Gently plucked folksy guitars, trickling beats, assured vocals spinning confessional tales of hope, heartache and empowerment. Songs written with Aaron Dessner of The National, string arrangements by Rob Moose. Guest appearances by Justin Vernon, Jack Antonoff and Taylor Swift. We are in a phase of pop music that is either becoming generic and homogenised, overseen by the same cadre of songwriters and producers, or forging something different, an appealing tangent to what’s already out there.
Gracie Abrams (whose father, incidentally, is the film director JJ Abrams) is an American songwriter in her mid-20s who wrote her official debut album, Good Riddance, from 2023, with Dessner, so whatever creative template we have on The Secret of Us has been in place for a few years. The template produces results adjacent to the likes of Swift and Olivia Rodrigo (and a few others), but Abrams delivers music that connects.
Dessner has provided musical beds for Abrams’s lyrics to rest on. Smart admissions are everywhere.

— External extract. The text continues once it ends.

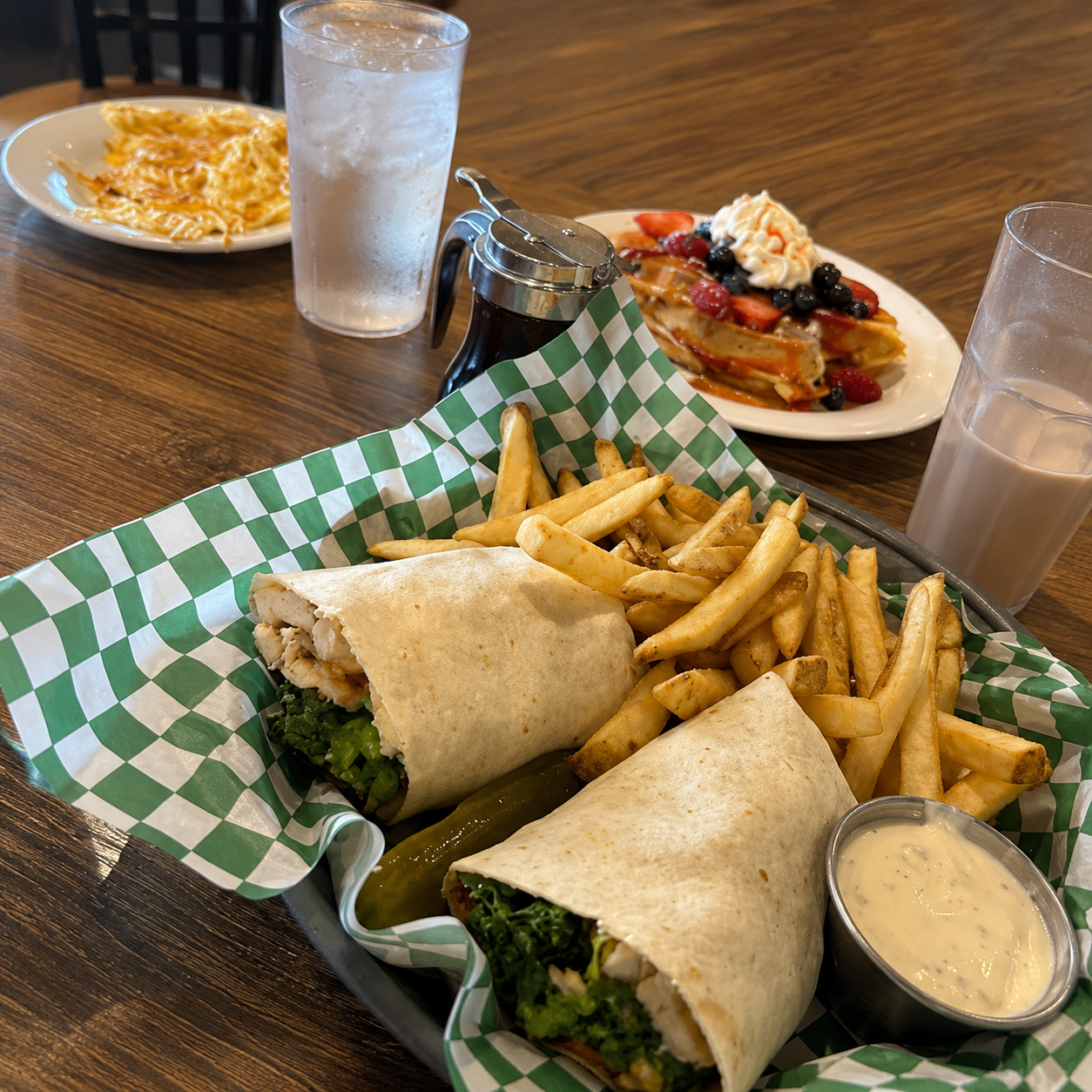 Two wrap sandwiches with fries and dipping sauce on a checkered tray at a restaurant table.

From disdainful thoughts about previous boyfriends (“If she’s got a pulse, she meets your standards now?” she sings on Blowing Smoke) to insights about spending time with them (“I waste my 20s on random men, not one of them is tougher than all my friends, and I hate to leave him bleedin’, but I know, know what I’m leavin’ for ...” as Tough Love goes), Abrams outlines the lives and loves of everysomethings in a series of diaristic indie-pop songs that will take some beating for their integrity and directness.